Weekly Outlook – Top Economic Events to Watch
1. German IFO Business Climate – 8:00 GMT on Monday
This German business sentiment index, published by the CESifo Group, is closely monitored as an early indicator of Germany’s current business conditions and expectations. The institute surveys over 7,000 businesses, with regard to their perceptions of the business environment and their short-term plans. It is considered crucial because of its huge sample size and historical correlation with German and Eurozone economic circumstances. It has a significant impact on the market once released.
It provides a vital measure of economic health, because businesses react to market conditions quickly, and shifts in their sentiment can be an early indicator of future economic activities, like spending, investing and hiring. In the context of this survey, the Ifo Institute polls over 7,000 businesses about their perceptions of the business environment and their short-term plans. Positive economic growth is regarded as favorable for the EUR, whereas low readouts are seen as bearish for the European currency.
Actual Value: 98.8
2. CB Consumer Confidence – 14:00 GMT on Tuesday
The Conference Board’s Consumer Confidence survey measures people’s trust in the economy. High consumer confidence supports economic growth, while low confidence among consumers results in economic contraction. A high reading is generally considered positive for the USD, while a low reading is deemed harmful or bearish. We do not publish the figures from this indicator on our Economic Calendar, due to restrictions imposed by the Conference Board.
3. Monetary Policy Report from the Bank of Canada – 14:00 GMT on Wednesday
The Bank of Canada publishes a study of economic movements in Canada.
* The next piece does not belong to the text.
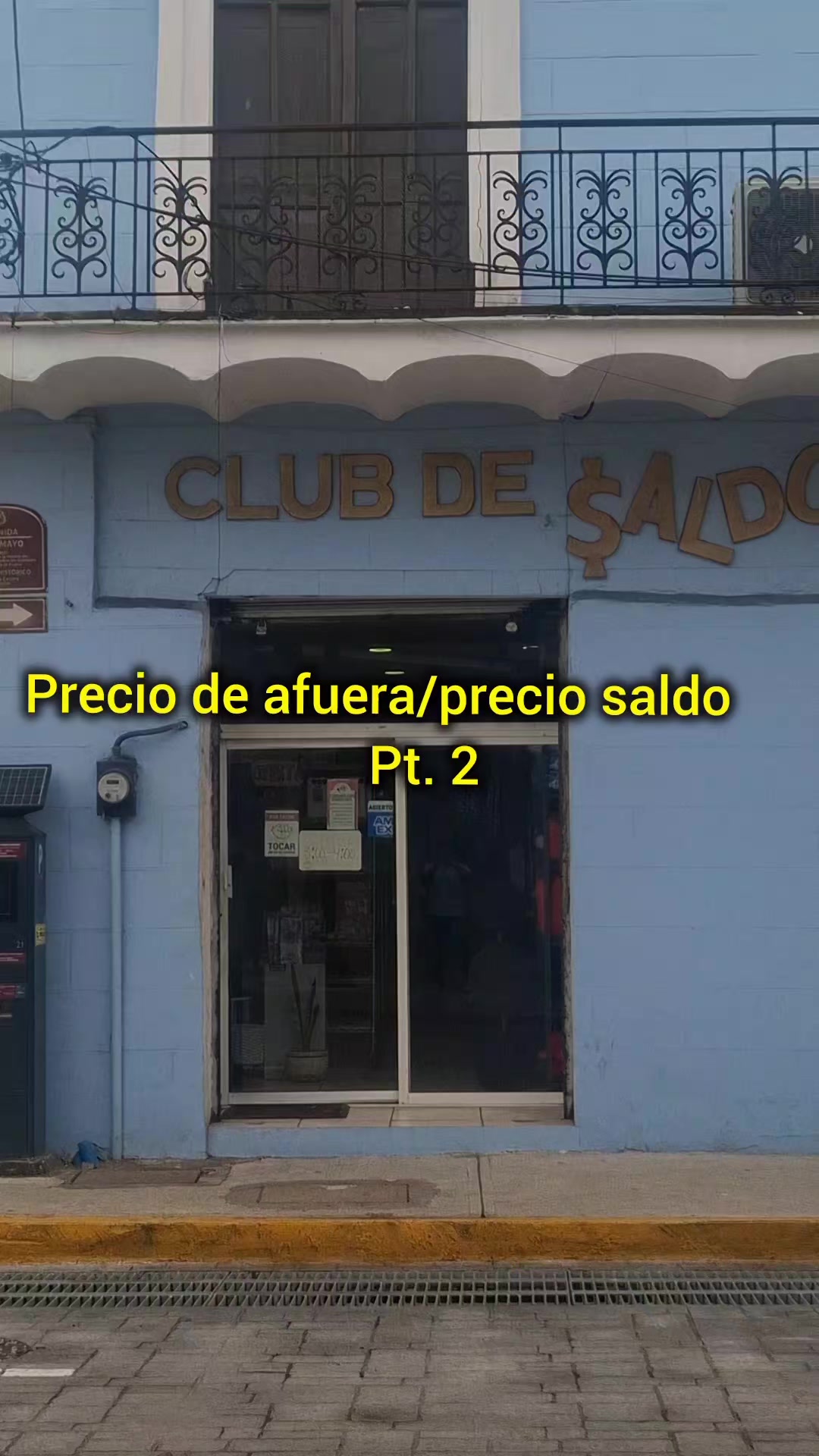 @Clubdesaldosvera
It provides signals of new fiscal policy. The volatility of the CAD is affected by any changes in this report. A hawkish outlook in the BoC report is considered beneficial (or bullish) for the CAD, whereas a dovish outlook is deemed to be negative (or bearish).
ii Bank of Canada Interest Rate Decision
The Bank of Canada announces its interest rate decisions. It is positive, or bullish for the CAD when the Bank of Canada is hawkish about the inflationary prospects for the economy, resulting in a rise in interest rates. Similarly, if the Bank of Canada assesses the Canadian economy dovishly and holds or lowers the interest rates, it is considered negative or bearish for the CAD. This month, the BoC is expected to keep the interest rate unchanged at 0.25%.
4. BoC Press Conference – 15:00 GMT on Wednesday
Following the release of the BoC Monetary Policy Report, the Governor and Senior Deputy Governor hold a press conference. The press conference is divided into two parts: first, a prepared statement is read, and then the conference is opened to questions from the press. The questions usually elicit unplanned responses, resulting in significant market volatility.
5. ECB Monetary Policy Statement – 11:45 GMT on Thursday
After each governing council meeting, the European Central Bank publishes a short statement explaining its monetary policy decisions, in order to attain its inflation target. The statement is crucial for the EUR, since any changes to the wording can move the shared currency either up (hawkish statement) or down (dovish statement).
As far as ECB meetings go, this one isn’t very significant. No fresh forecasts will be issued, and there will be no new efforts. Instead, ECB President Lagarde may explain the various variables influencing prices and explain why the inflation overshoot appears to be transitory on the balance. We should highlight that the annualised rate of CPI in Q3 was roughly 2.4 percent, which was half of the annualized rate in Q2.
ii ECB Press Conference
The President of the European Central Bank holds a press conference on monetary policy following the ECB’s economic policy decision. The volatility of the European currency is influenced by the president’s words, which help to establish whether the trend for the currency is bullish or bearish in the short term. If the president expresses a hawkish viewpoint, it is viewed as positive for the European currency. A dovish stance, on the other hand, is considered bearish for the Euro.
6. CAD Gross Domestic Product (MoM) – 12:30 GMT on Friday
The Gross Domestic Product figures released by Statistics Canada provide a measure of the total value of all products and services produced in Canada. The GDP is a broad indicator of economic activity and health in Canada. In general, a rising trend is considered positive for the CAD, while a falling trend is considered inadequate (or bearish).
Strong September job numbers and a robust Bank of Canada business survey (the outlook reached a record high, and 87 percent of respondents expected inflation to exceed 2%, which was the highest level since 2005) boosted confidence that the economy has emerged from the doldrums. Since July, the monthly GDP has declined in three months out of four.